When the 1500m field gets called to the line at Trials, I see me there lining up alongside them.

But I’m really just up in the stands. 

A fan.

A runner.

I may not be on the line, but my heart still races every time I hear the gun.

The Olympic Trials is my favorite meet. 

Because it hurts a little every time I watch.

And I’m proud of myself that it does.

The Most Elite Version of Yourself

 

Elite is not a time on a clock.

It’s what happens during that time on the clock.

Elite is not a medal.

It’s what you did to earn that medal.

Elite is not a distance.

It’s about running the distance.

Elite is not a finish line.

It’s a starting line.

Elite is not a pace.

It’s an effort.

Elite is not perfect form.

It’s keeping your form.

Elite is not a headline.

It’s the story.

Elite is not elitist.

It just means being the most elite version of yourself. 

The Longest Run

Travis died during practice. He was stronger than he had ever been. He was full of potential and life and his dreams were coming true. He was running better than ever. 

He still died during practice. 

We were all just kids. We were all 22 maybe 23 years old. We flooded the hospital. The doctors didn’t know what to do when we all showed up – when they had to tell us. 

They saw in us what we saw in ourselves – a never ending run. 

But Travis died.

Hearing heart muscles or an enlarged heart or too much heart as reasons for why it happened didn’t answer the question we all had. 

We knew why in the medical sense we just wanted to know why in all the other senses.

I still don’t know. 

Travis died during practice. 

I think about him on cold days. Rainy days. Shitty days when the idea of running makes you want to batten down the hatches and hide underneath the covers. He’d have run.

Travis was a pure cross country guy. Tough. Hard. Joyful. 

Thinking of him can get me through a tough run – a tough day. 

Travis died during practice almost 15 years ago. 

That was a bad day. 

But he would have wanted us to keep running through all the sadness with its crying. And the anger with its cursing. And the confusion with its despair. And the questions.

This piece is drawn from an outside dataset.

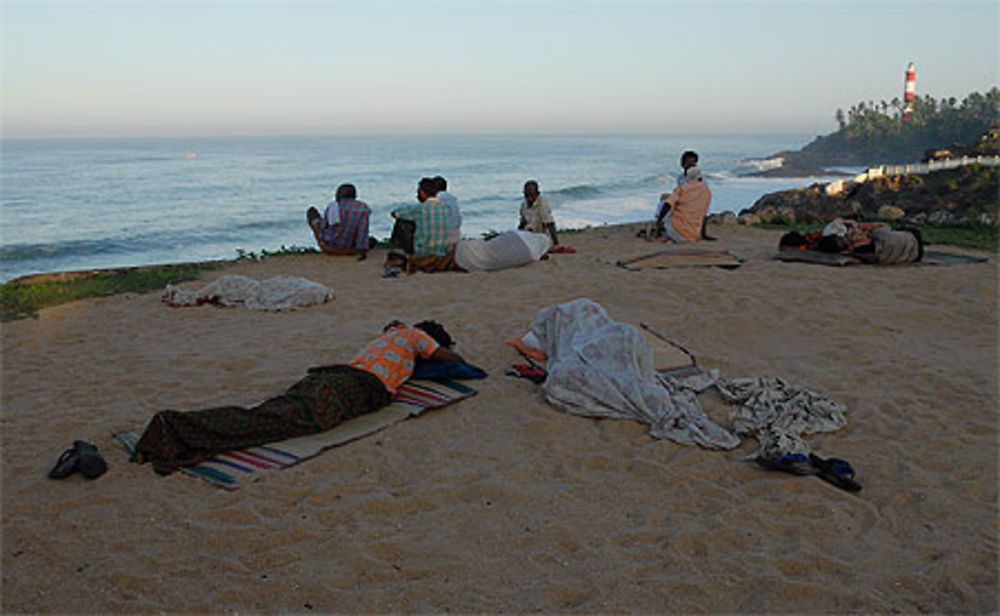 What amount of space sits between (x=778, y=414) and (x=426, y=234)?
554cm

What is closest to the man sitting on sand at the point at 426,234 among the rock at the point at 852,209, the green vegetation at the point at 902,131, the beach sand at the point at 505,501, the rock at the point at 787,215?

Always the questions and never the answers. 

He would have wanted us to keep running like the race was never going to end. 

Like we all ran before that practice.

Like Travis did every time he ran. 

He would have wanted us to know that his death was not the finish line. 

Because there is no finish line.

Ever. 

And someday we’ll all line back up, Travis and the whole damn team on a starting line somewhere. The weather will suck and it will be muddy. Because XC in Heaven is real XC. Which means Travis will be tough to beat.

Someday…

Travis died during practice. 
I’m thinking about him tonight. 

And I’m thinking about teammates everywhere that are missing a teammate tonight.